Boezio appartiene a una famiglia patrizia e a un circolo culturale legato alla famiglia degli Anici. In questo ambiente è vivo il ricordo della grandezza di Roma ed è avvertita la necessità di incrementare e rinsaldare la cultura latina con la composizione di opere nuove e la traduzione di testi antichi. Boezio, incarnando questo orientamento, concepisce l’impegno politico e l’impegno culturale come due aspetti di una medesima missione, la rei publicae cura, la cura dello Stato.
VIDEO
Armonia delle sfere
LETTURE
La Musica e l'anima sinfonica
LETTURE
Boezio e la scienza della musica
Il De institutione musica di Boezio è un trattato che ha avuto un’enorme fortuna: esso è infatti il principale fondamento della teoria musicale nei secoli medievali. In quest’opera, Boezio stabilisce che la musica è la scienza del numero relazionato al suono, e che la consonanza, cioè la fusione armonica dei suoni, è l’oggetto indagato nella scienza musicale. Il numero è infatti inteso come il principio fondante dell’organizzazione razionale del mondo, e la conoscenza scientifica è tale se la mente riesce a cogliere gli aspetti numerici che stanno alla base del manifestarsi delle cose sensibili. Dunque anche il mondo dei suoni, nella sua pluralità e diversità di espressioni, può essere indagato scientificamente.

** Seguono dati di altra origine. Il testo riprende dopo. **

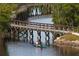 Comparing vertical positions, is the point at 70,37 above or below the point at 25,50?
above

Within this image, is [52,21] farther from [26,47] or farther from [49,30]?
[26,47]

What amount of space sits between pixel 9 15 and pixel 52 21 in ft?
1.16

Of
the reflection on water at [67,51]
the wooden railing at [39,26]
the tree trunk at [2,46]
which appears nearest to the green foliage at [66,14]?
the wooden railing at [39,26]

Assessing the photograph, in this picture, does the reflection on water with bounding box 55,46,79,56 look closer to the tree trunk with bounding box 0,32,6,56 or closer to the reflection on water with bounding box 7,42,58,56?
the reflection on water with bounding box 7,42,58,56

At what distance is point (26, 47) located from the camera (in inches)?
84.9

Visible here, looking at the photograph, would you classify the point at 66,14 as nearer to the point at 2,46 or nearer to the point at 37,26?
the point at 37,26

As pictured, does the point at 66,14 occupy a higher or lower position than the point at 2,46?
higher

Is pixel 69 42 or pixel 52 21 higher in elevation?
pixel 52 21

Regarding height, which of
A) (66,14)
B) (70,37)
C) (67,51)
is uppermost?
(66,14)

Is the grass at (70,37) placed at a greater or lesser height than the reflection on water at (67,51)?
greater

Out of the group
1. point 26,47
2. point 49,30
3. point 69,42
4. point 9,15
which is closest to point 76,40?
point 69,42

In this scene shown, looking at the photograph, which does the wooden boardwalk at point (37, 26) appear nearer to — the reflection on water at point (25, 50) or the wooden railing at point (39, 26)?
the wooden railing at point (39, 26)

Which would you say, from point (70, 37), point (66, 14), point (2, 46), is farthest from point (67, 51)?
point (2, 46)

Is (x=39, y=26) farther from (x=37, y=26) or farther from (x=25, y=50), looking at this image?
(x=25, y=50) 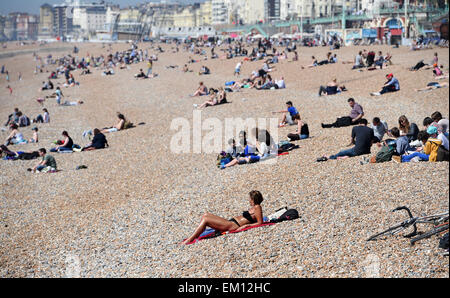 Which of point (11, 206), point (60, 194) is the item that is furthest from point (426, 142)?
point (11, 206)

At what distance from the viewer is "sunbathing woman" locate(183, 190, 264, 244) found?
794 cm

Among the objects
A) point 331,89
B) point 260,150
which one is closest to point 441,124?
point 260,150

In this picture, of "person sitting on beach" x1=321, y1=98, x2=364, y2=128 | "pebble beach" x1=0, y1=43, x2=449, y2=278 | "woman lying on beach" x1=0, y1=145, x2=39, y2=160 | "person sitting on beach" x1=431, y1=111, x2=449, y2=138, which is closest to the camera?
"pebble beach" x1=0, y1=43, x2=449, y2=278

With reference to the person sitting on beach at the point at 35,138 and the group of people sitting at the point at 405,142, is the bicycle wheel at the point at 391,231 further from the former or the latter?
the person sitting on beach at the point at 35,138

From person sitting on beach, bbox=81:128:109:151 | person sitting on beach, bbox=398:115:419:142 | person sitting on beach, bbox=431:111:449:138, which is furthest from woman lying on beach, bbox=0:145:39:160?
person sitting on beach, bbox=431:111:449:138

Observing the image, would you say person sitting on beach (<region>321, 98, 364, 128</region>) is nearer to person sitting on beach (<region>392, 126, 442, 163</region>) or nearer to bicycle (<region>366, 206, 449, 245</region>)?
person sitting on beach (<region>392, 126, 442, 163</region>)

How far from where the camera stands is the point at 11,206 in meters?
11.4

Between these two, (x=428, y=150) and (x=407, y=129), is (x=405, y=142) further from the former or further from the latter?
(x=407, y=129)

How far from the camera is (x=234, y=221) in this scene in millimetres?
8102

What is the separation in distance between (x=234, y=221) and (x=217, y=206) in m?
1.75

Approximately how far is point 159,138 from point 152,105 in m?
7.33

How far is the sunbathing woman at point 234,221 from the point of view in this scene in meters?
7.94

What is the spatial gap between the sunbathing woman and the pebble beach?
0.50 feet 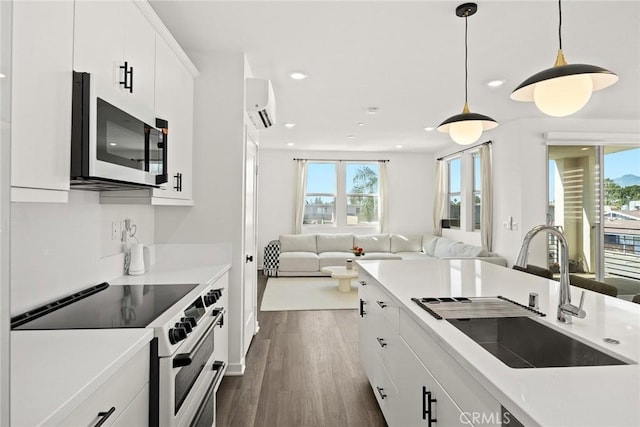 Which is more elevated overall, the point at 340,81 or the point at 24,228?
A: the point at 340,81

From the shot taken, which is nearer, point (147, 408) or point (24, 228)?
point (147, 408)

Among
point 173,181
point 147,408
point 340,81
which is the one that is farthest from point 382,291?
point 340,81

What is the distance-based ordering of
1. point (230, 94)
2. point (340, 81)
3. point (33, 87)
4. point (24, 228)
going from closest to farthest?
point (33, 87) → point (24, 228) → point (230, 94) → point (340, 81)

Secondo Boezio, che fa riferimento alla filosofia platonica, il fenomeno fisico del suono e della musica è solo un aspetto di ciò che la musica è realmente. Musica è infatti la totalità dei fenomeni naturali nei quali sono presenti ordine e armonia, a cominciare dall’espressione più alta di tale ordine, cioè il moto regolare dei cieli. Questa idea è formalizzata nel De institutione musica dividendo la musica stessa in tre grandi generi, cioè musica del cosmo (mondana), dell’uomo (humana) e degli strumenti (instrumentalis); tre diverse realtà, tutte e tre connesse dal “potere dell’armonia”.
La musica umana è l’armonia dell’anima e del corpo, a sua volta riflesso dell’armonia cosmica, secondo la dottrina esposta da Platone nel Timeo e nella Repubblica. Di questi due generi di musica Boezio annuncia una trattazione più ampia, che non ci è pervenuta, ma le poche affermazioni rimaste sulla musica cosmica susciteranno in età medievale un grande interesse, che ruota appunto attorno al tema della musica delle sfere celesti.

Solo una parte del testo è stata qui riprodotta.